YOUR ASSIGNMENT
Taking the line with "Développement de l’épiphyse" as the first and the line with "Kahiyang Ayu Dikabarkan" as the last, set down the lines below exactly, pictures excluded.

DATA FOR ANALYSIS
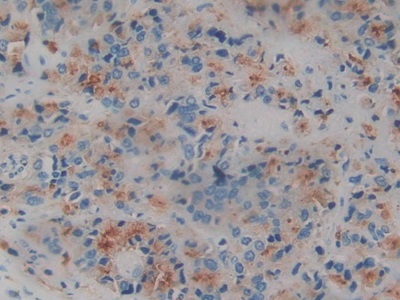 Monoclonal Antibody to Amphiregulin (AREG)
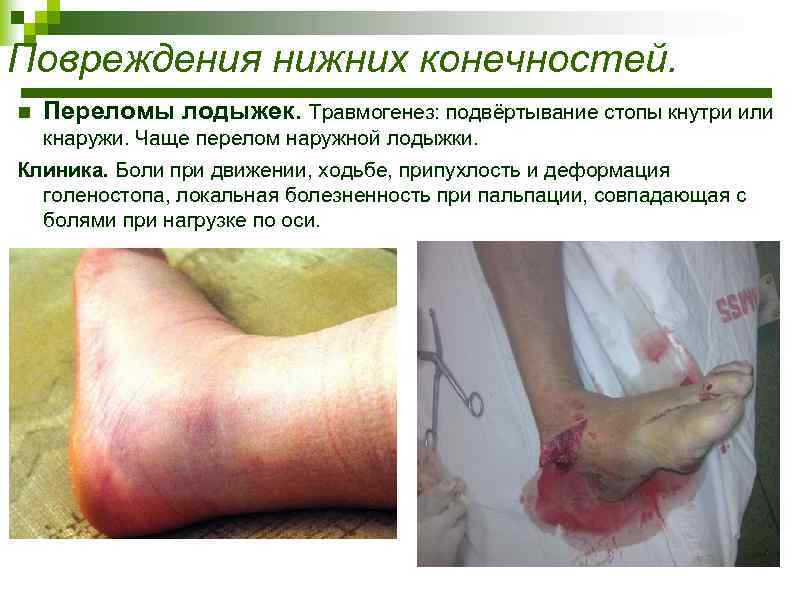 Повреждения нижних конечностей. n Переломы лодыжек. Травмогенез: подвёртывание стопы кнутри или кнаружи. Чаще перелом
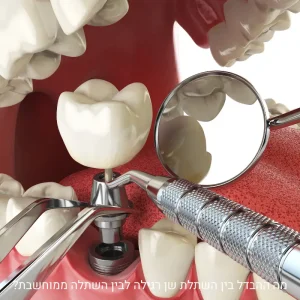 השתלת שיניים רגילה לעומת השתלה ממוחשבת – המחשה קלינית של מיקום השתל
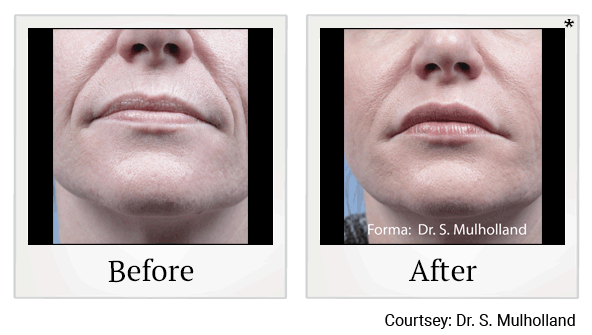 forma before and after at Skinlastiq Medical Laser Cosmetic Spa in Burlingame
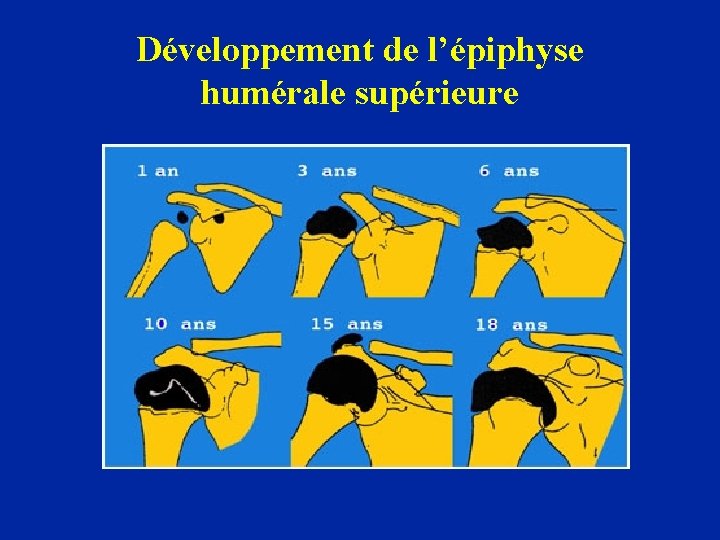 Développement de l’épiphyse humérale supérieure 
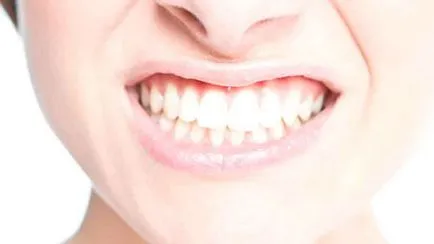 gingivită atrofică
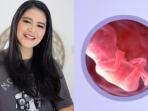 Kahiyang Ayu Dikabarkan Hamil, Berikut Tanda-tanda Awal Wanita yang Sedang Berbadan Dua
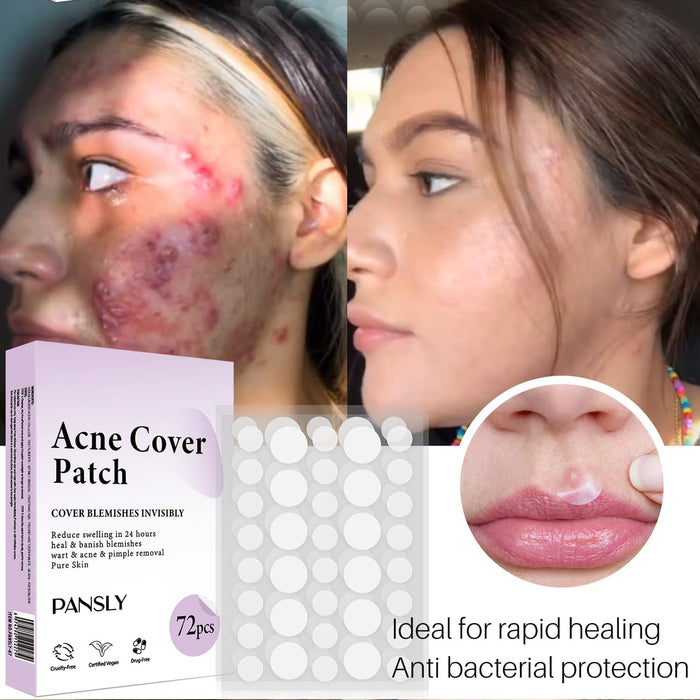 KASTWAVE Patches for Face, Pimple Cosmetics Original Patch - Pimple Spot Treatment, Invisible Pimple Patches For Covering Zits Andblemishes, Invisible Skin Sticker (72 Count)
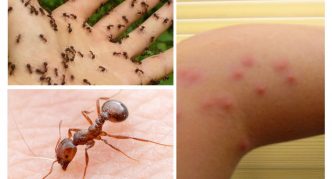 עקיצות נמלים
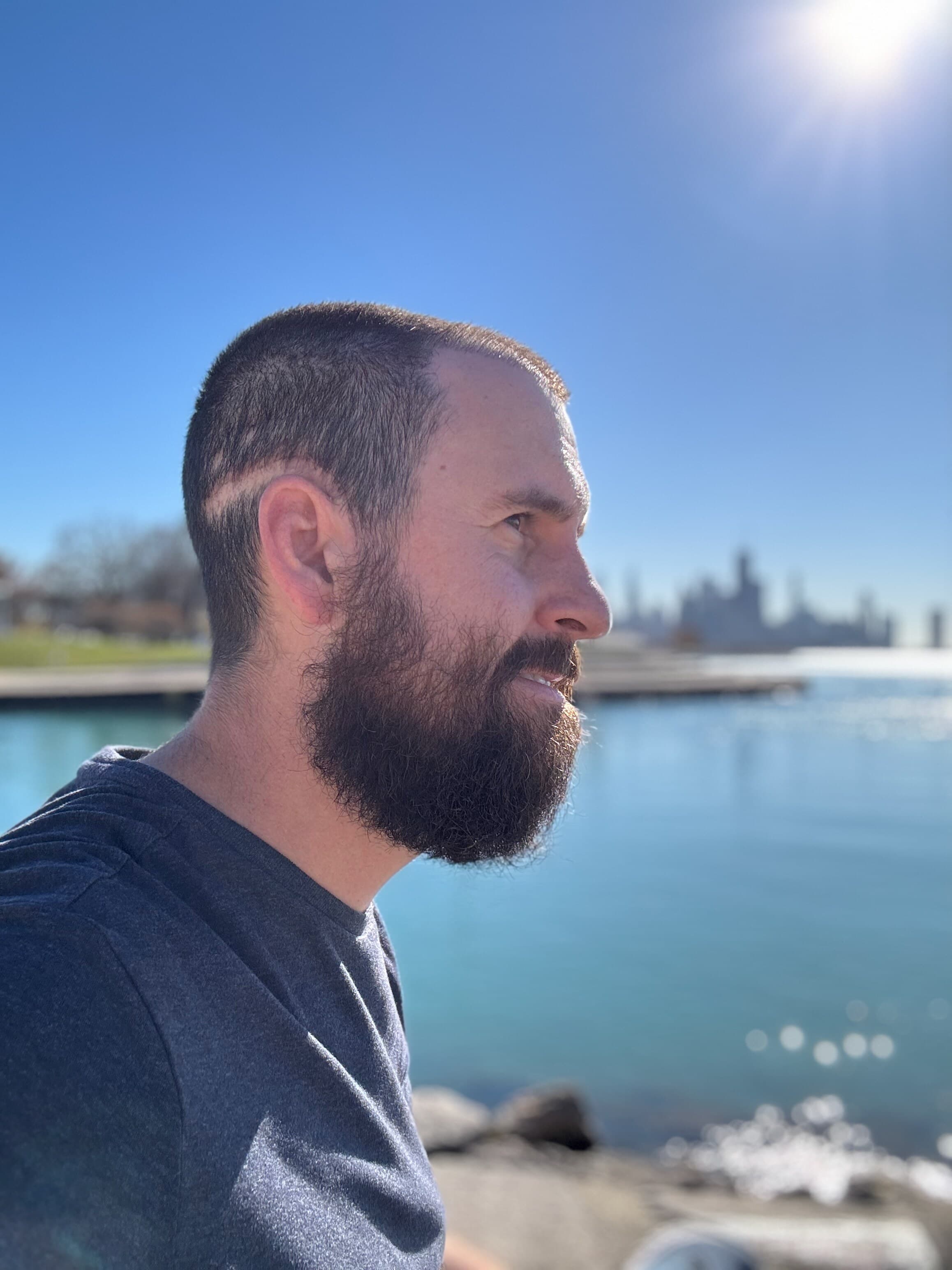 Andrew in profile beside Lake Michigan with the Chicago skyline in the distance, the surgery scar visible across the left side of his head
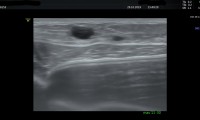 Pat, 35a, beschwerdefrei, 2015 Implantate, gutartige cyste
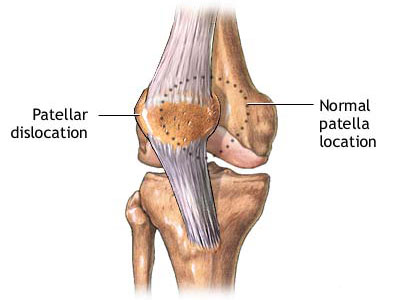 如何預防膝關節骨質增生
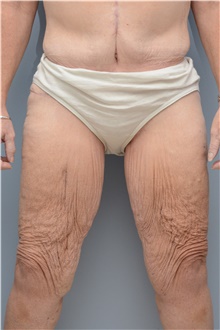 Thigh Lift Before Photo by Carlos Rivera-Serrano, MD; Bay Harbour Islands, FL - Case 43747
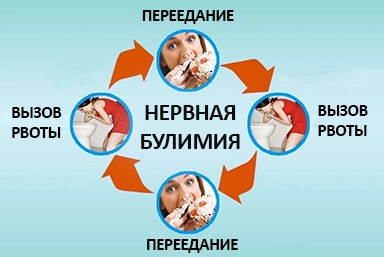 Лечение булимии в Черемушках
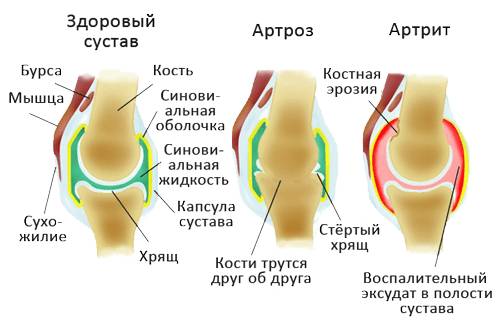 Артроз и артрит коленного сустава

EXPECTED ANSWER
 Développement de l’épiphyse humérale supérieure 
 gingivită atrofică
 Kahiyang Ayu Dikabarkan Hamil, Berikut Tanda-tanda Awal Wanita yang Sedang Berbadan Dua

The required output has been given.